Budget expects nominal GDP growth of 10% in 2020-21, followed by 12.6% and 12.8% in 2021-22 and 2022-23
Nirmala Sitharaman in New Delhi on Saturday.

TT Bureau   |   New Delhi   |   Published 04.02.20, 07:15 PM

Moody’s Investors Service on Tuesday said economic growth projections made by finance minister Nirmala Sitharaman in her budget for 2020-21 appear ambitious given the structural and cyclical challenges facing the Indian economy.

The budget expects nominal GDP growth of 10 per cent in 2020-21, followed by 12.6 per cent and 12.8 per cent in


2021-22 and 2022-23, respectively. But, Moody’s saw GDP growth rising to around 8.7 per cent in the next financial year beginning April 1 from about 7.5 per cent in the current fiscal.

Stating that the growth outlook will remain weak, it has put real GDP growth during the current fiscal at 4.9 per cent, slightly below the government’s forecast of 5 per cent.
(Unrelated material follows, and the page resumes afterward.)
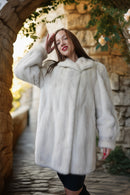 A woman wearing a plush white fur coat stands in a stone walkway under an archway with greenery.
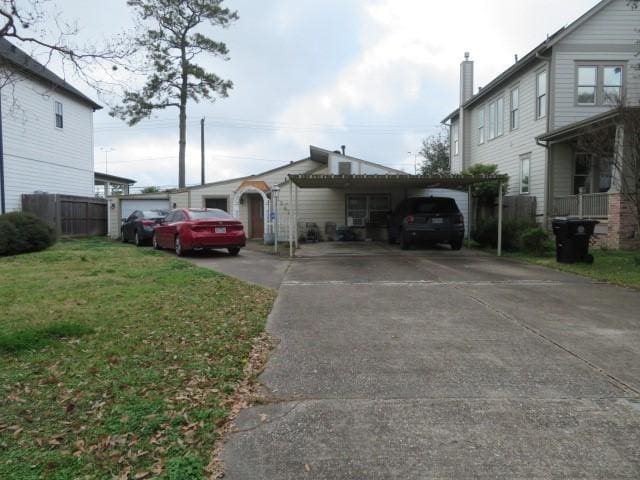 view of parking featuring a garage and a lawn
For the next fiscal, it estimated real GDP growth of 5.5 per cent, lower than 6-6.5 per cent projected by the government’s Economic Survey.

“Growth has remained relatively weak as a prolonged deleveraging cycle and ongoing stress among non-banking financial institutions, which has constrained the financial system’s overall provision of credit, weigh on consumption and investment,” Moody’s said.

For the next fiscal, it lowered real GDP growth forecasts to 5.5 per cent from 6.3 per cent in the previous estimate. And for the following fiscal, it put the real GDP growth at 6 per cent from 6.7 per cent projected earlier.

“The significant slowdown in financial sector credit growth from NBFI liquidity constraints and asset quality issues among public sector banks has exacerbated prolonged weakness in private investment and a material decline in consumption, due in part to financial stress among rural households and weak job creation,” Moody’s said.

The nominal GDP growth, it said, has also declined. Following 11.2 per cent expansion in 2018-19, the government had forecast 12 per cent nominal GDP growth in its July 2019 budget for the current fiscal.

However, according to the government’s first advance estimate of GDP last month, nominal GDP growth is likely to fall to a much lower rate of around 7.5 per cent for the whole of 2019-20.